Would you return the listing that follows exactly, leaving its pictures behind?

::: SOURCE MATERIAL

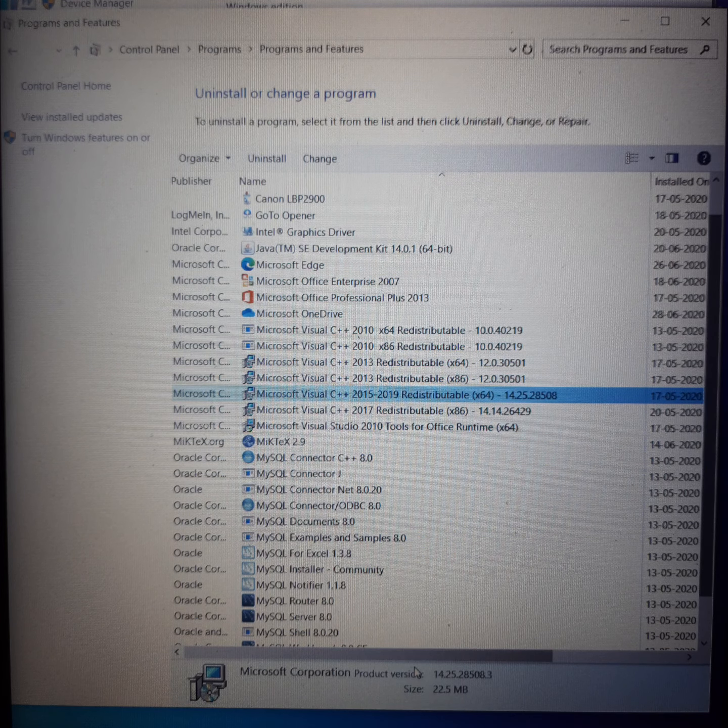Yes, I can uninstall it. I'll click on uninstall — and here it goes, I am uninstalling it. The specific application connected to it will stop working. It is always recommended that you avoid uninstalling these redistributables.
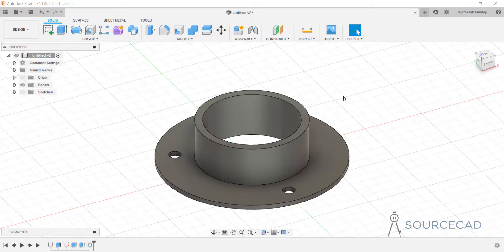So these are all the navigation tools that you can use in Fusion 360.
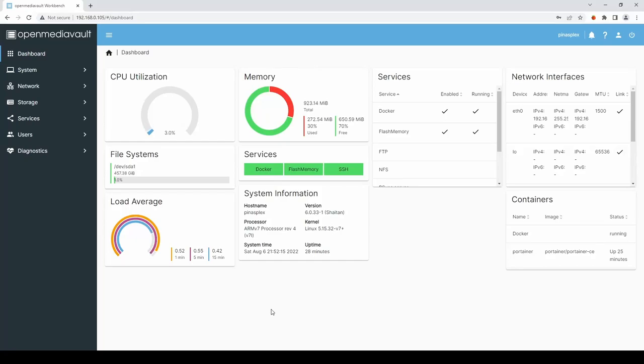Hi there and welcome to another video. This video is part two of our Raspberry Pi OpenMediaVault media streaming solution. In the previous video we installed OpenMediaVault along with Docker and Portainer to manage those dockers.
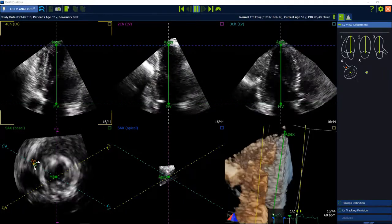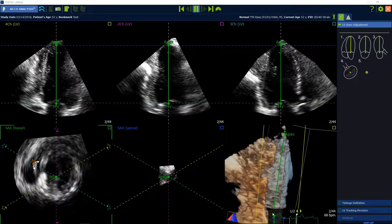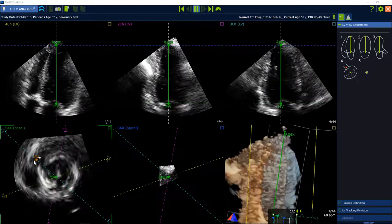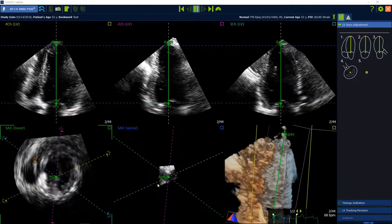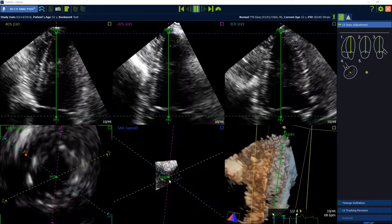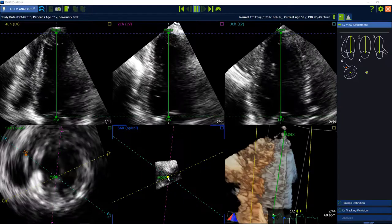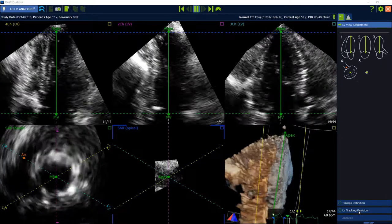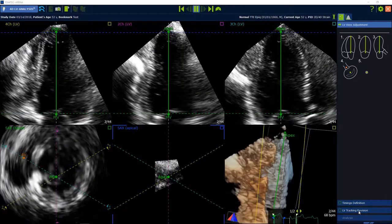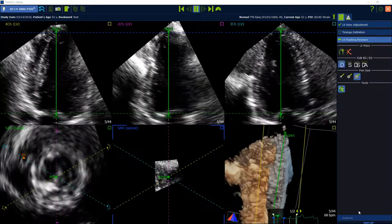Step 4 is rotate to slice through the left ventricular outflow tract. Step 5 is check the apical midpoint. Then go ahead on the right side in the workflow LV tracking revision.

::::::

(ANSWER AREA):
Yes, I can uninstall it. I'll click on uninstall — and here it goes, I am uninstalling it. The specific application connected to it will stop working. It is always recommended that you avoid uninstalling these redistributables.
So these are all the navigation tools that you can use in Fusion 360.
Hi there and welcome to another video. This video is part two of our Raspberry Pi OpenMediaVault media streaming solution. In the previous video we installed OpenMediaVault along with Docker and Portainer to manage those dockers.
Step 4 is rotate to slice through the left ventricular outflow tract. Step 5 is check the apical midpoint. Then go ahead on the right side in the workflow LV tracking revision.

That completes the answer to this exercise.